Stored data
* * *
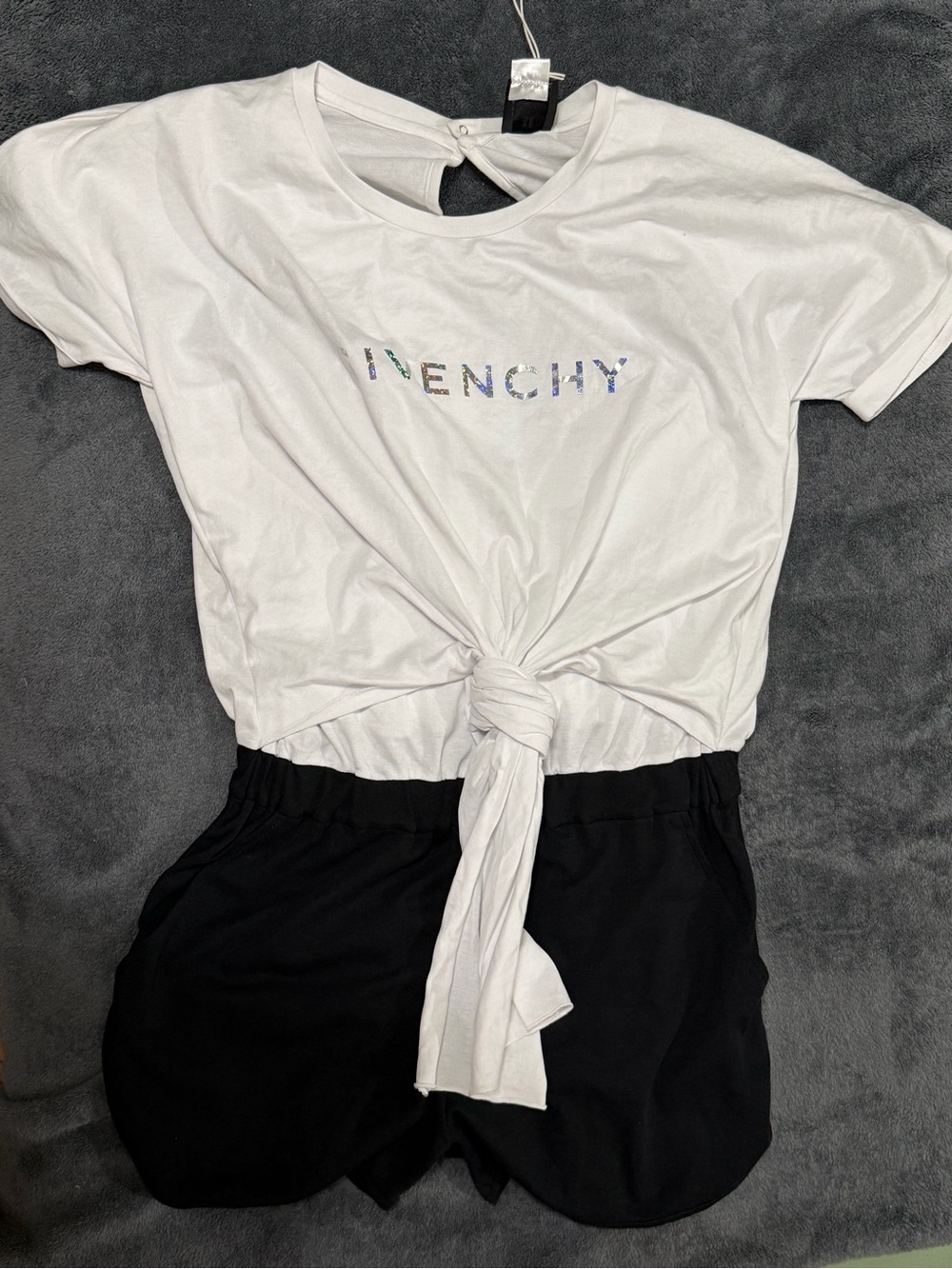 Givenchy White Knot-Front Logo Tee with Iridescent Script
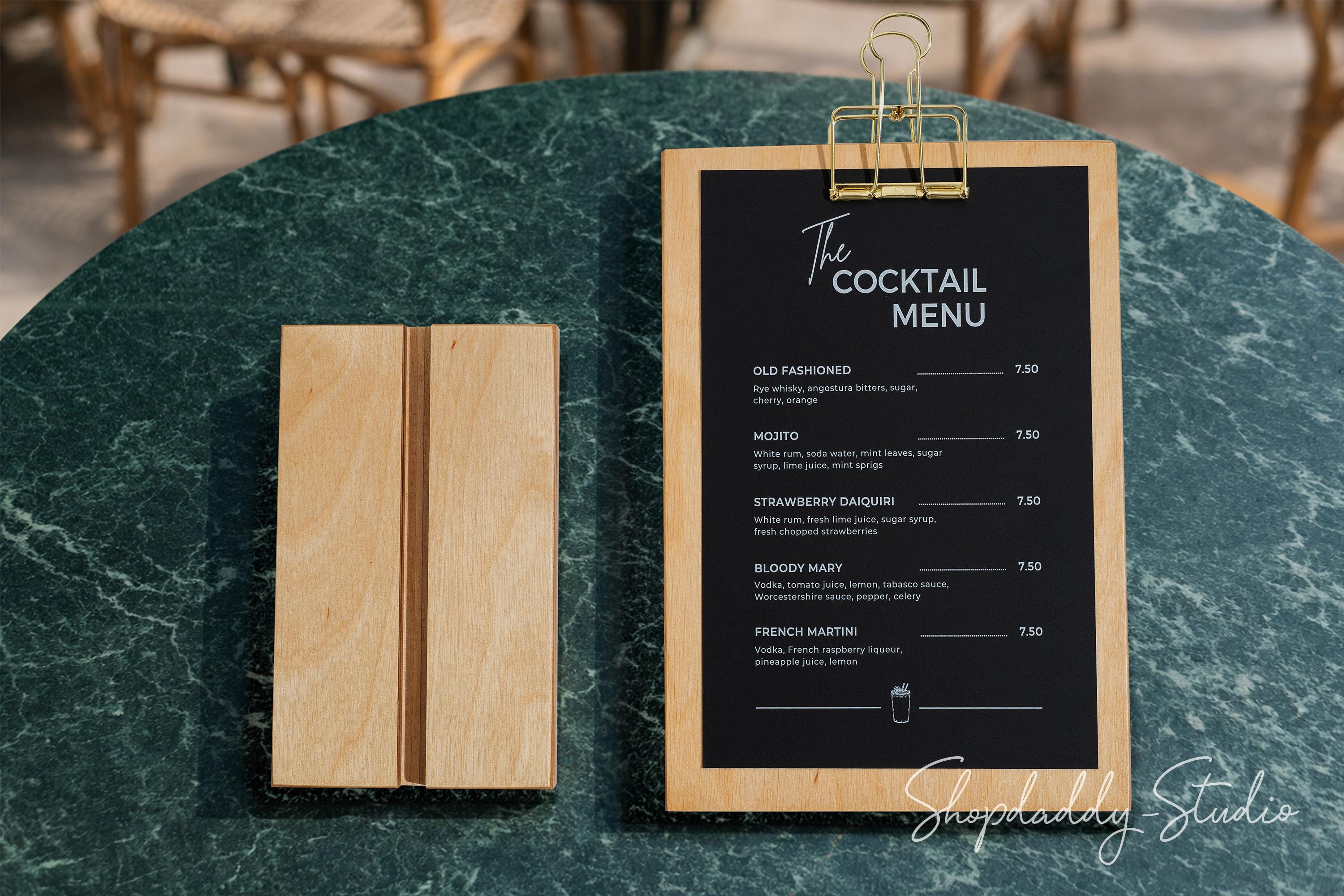 Wooden Tabletop Menu Stand: Menu Holders for Restaurants, Cafes & Bars ...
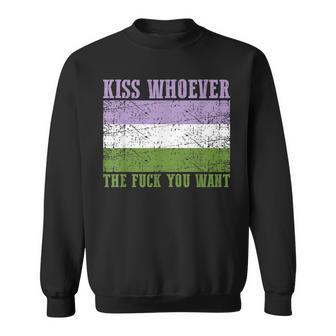 Kiss Whoever The F You Want Genderqueer Pride Flag Lgbtq Sweatshirt - Monsterry DE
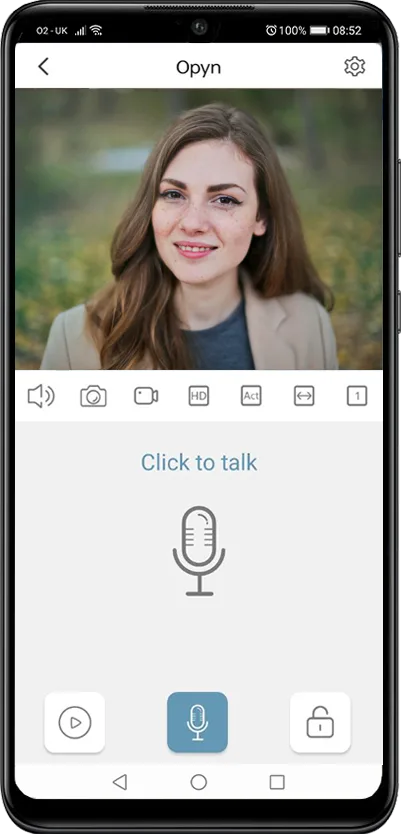 AES Opyn app video intercom call screen showing live visitor camera feed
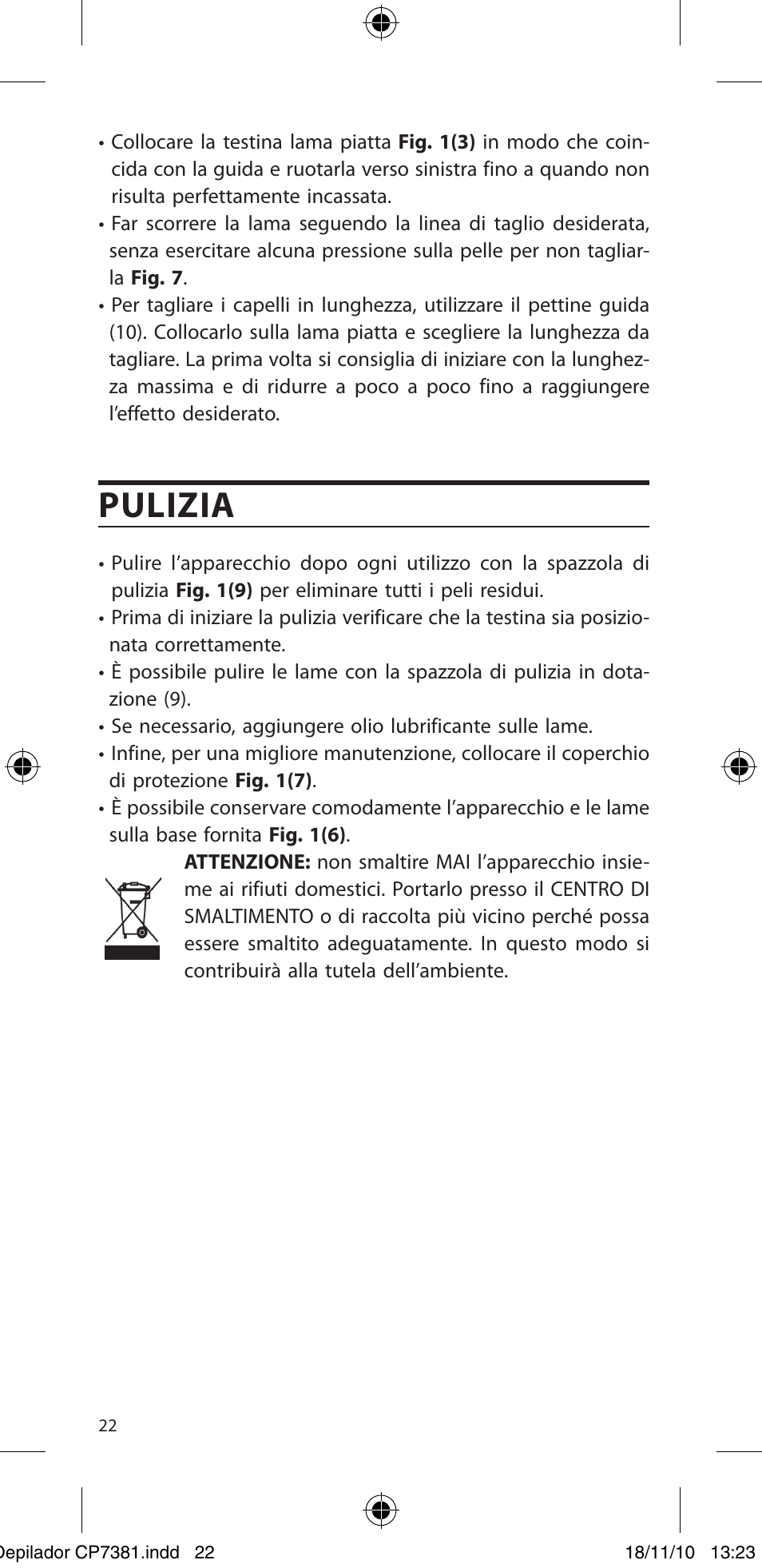 Pulizia | SOLAC CP7381 User Manual | Page 23 / 48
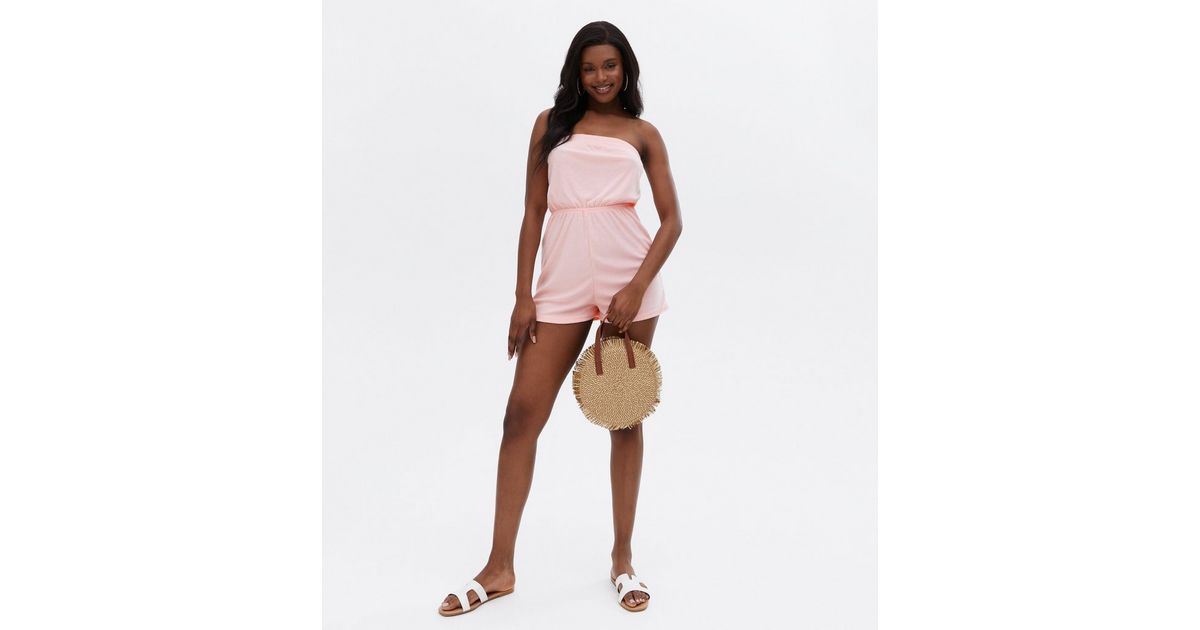 Pink Towelling Beach Bandeau Playsuit | New Look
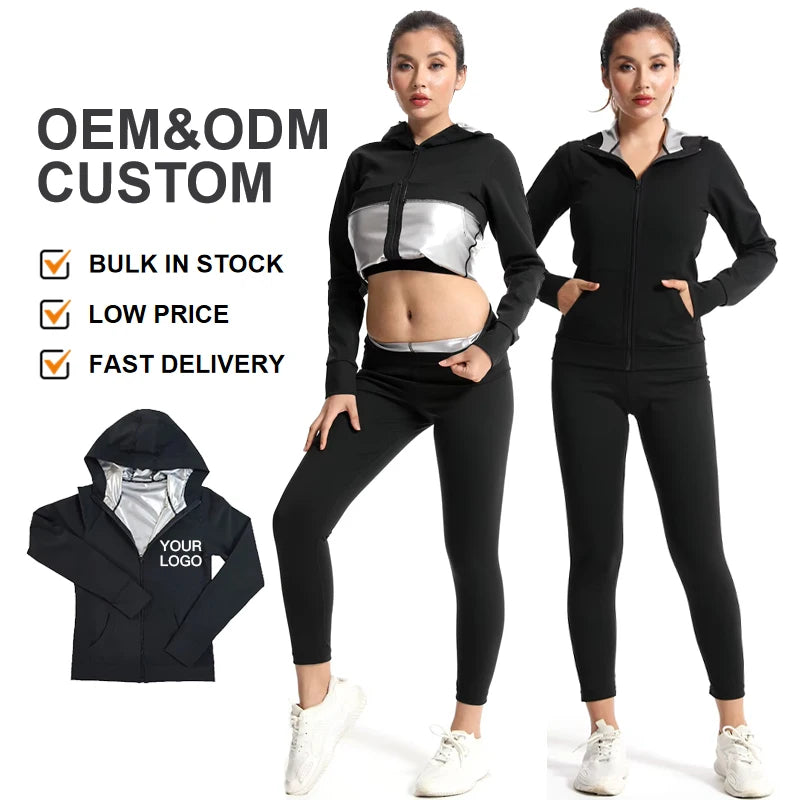 Slimming Body Shaper for Women  Custom Logo Fitness Workout Sportswear Sauna Sweat Suit for Gym Waist Trainer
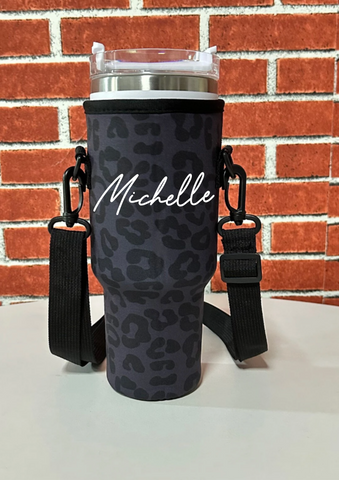 LEOPARD BLACK COVER WITH STRAPS FOR STANLEYDUPE 40 OZ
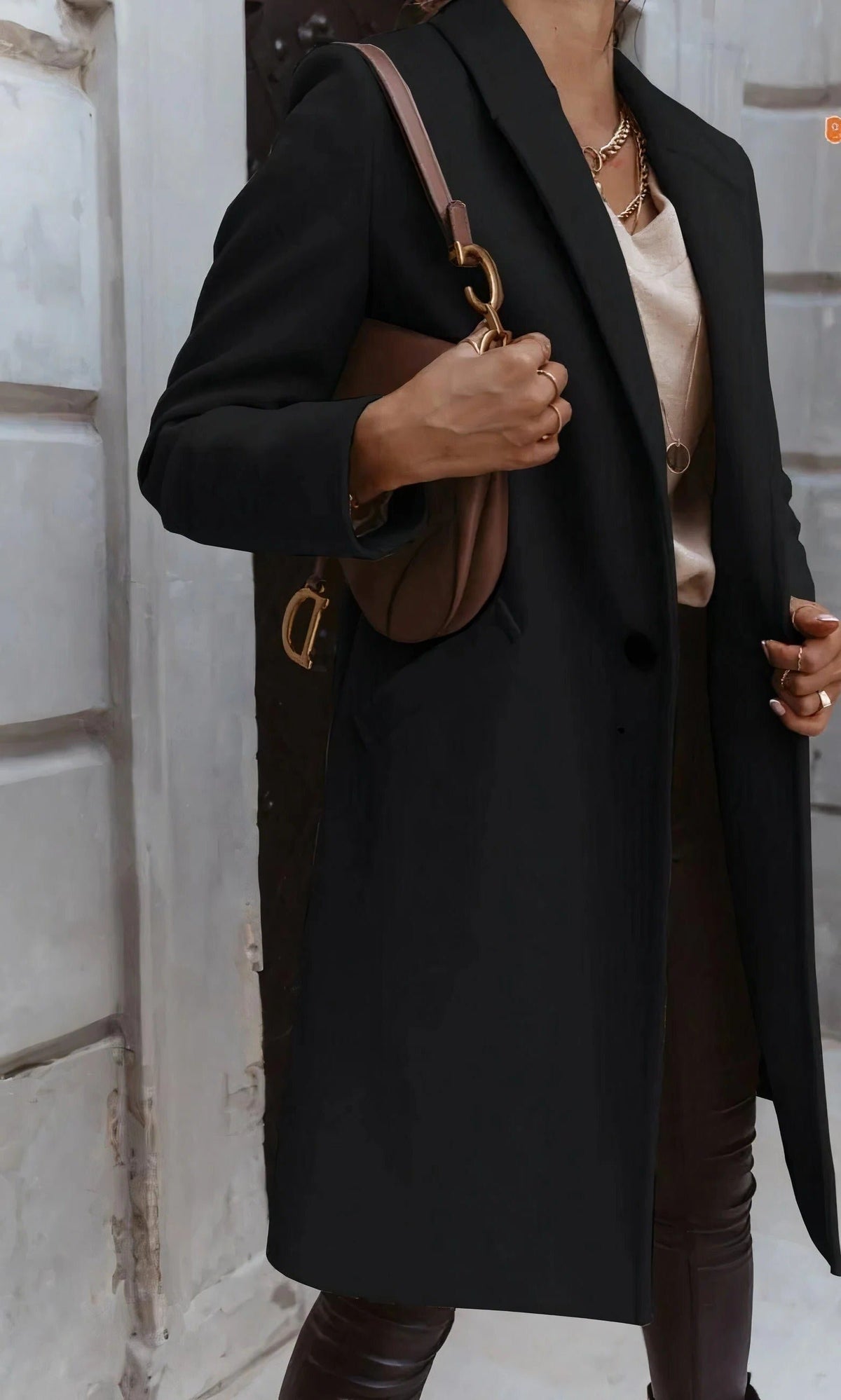 Women's Midi Wool Coat - Black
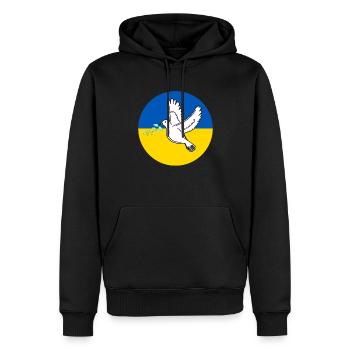 Ukraine Flag with peace dove - Männer Premium Bio Hoodie - Schwarz - Vorne - Nico (187cm)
* * *
ACTIVITY:
Only one thing is required: an exact printout of the lines from the line containing "Pink Towelling Beach" through the last line of the records, pictures excluded.

OUTPUT OF THE EXERCISE:
 Pink Towelling Beach Bandeau Playsuit | New Look
 Slimming Body Shaper for Women  Custom Logo Fitness Workout Sportswear Sauna Sweat Suit for Gym Waist Trainer
 LEOPARD BLACK COVER WITH STRAPS FOR STANLEYDUPE 40 OZ
 Women's Midi Wool Coat - Black
 Ukraine Flag with peace dove - Männer Premium Bio Hoodie - Schwarz - Vorne - Nico (187cm)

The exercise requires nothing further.